ARTE.TV – À LA DEMANDE – DOCUMENTAIRE
Dans l’essai « Lavande », inclus dans le recueil Alibis (Flammarion, 2011), l’écrivain nord-américain André Aciman fait un subtil récit sensoriel et mémoriel à partir de « l’ancienne eau de cologne » de son père et de perégrinations olfactives européennes – in Italy notably, où une partie de la famille (juive) de l’auteur émigra après avoir été chassée d’Egypte par Nasser. And Alexandria, alors qu’il était enfant, une goutte de cette eau de Cologne sur un mouchoir et Aciman se sentait « à l’abri, heureux, choyé. Une odeur de lavender, et des pensées agréables surgissaient – à propos de la vie, de ceux que j’aimais, de [lui]-meme (…) Une odeur de lavender, et rien ne pouvaite nous séparer. »
La rose est pour Abdulkader Fattouh (né en 1991) l’élément olfactif clé d’une histoire familiale
C’est un peu ce que narre, à travers l’exemple d’un jeune réfugié syrien venu en France étudier la parfumerie, l’intéressant et touching documentary de Mélanie Gouby, L’Essence des souvenirs, itineraire d’un apprenti parfumeur.

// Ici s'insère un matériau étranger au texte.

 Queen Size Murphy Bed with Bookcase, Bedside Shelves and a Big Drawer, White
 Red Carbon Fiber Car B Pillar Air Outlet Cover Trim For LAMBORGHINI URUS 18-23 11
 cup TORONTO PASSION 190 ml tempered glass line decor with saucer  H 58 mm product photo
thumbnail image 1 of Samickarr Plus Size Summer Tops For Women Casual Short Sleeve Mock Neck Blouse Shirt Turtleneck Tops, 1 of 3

Comme la lavender pour le jeune André Aciman, la rose est pour Abdulkader Fattouh (né en 1991) l’élément olfactif clé d’une histoire familiale.
Son grand-père avait fondé une entreprise de parfumerie et tenait une boutique dans la vieille ville d’Alep, bombardée et destructite au cours de la bataille qui s’y tint à partir de 2012. Abdulkader y passait en rentrant de l’école, curieux de ce « liquide magique qui sent bon et fait plaisir aux gens ». A la maison, la grandmère, « expert in roses », fait des confitures dont les effluves sucrés perdurent pendant plusieurs jours. Tout est rose là-bas, d’autant que, ainsi que l’explique Abdulkader, « cette odeur très riche, sensuelle, aimée par tout le monde dans notre culture, est portée par les hommes comme par les femmes ».
Refusal de prendre les armes
Pour le jeune homme, qui a appris à bien parler le français et qui estudié, à Versailles (Yvelines), à l’Isipca, une grande école des métiers du parfum, de la cosmétique et des arômes, foundede en 1970 par Jean-Jacques Guerlain, l’odeur de l’exil est aussi celle de la poudre à canon, qu’il évoque devant un feu d’artifice. Correspondance immediate avec ces armes qu’il a refusé de prendre en Syrie, et qui l’ont constraint à s’exiler sur un canot où s’était amassées une cinquantaine de personnes au lieu des vingt regulatives.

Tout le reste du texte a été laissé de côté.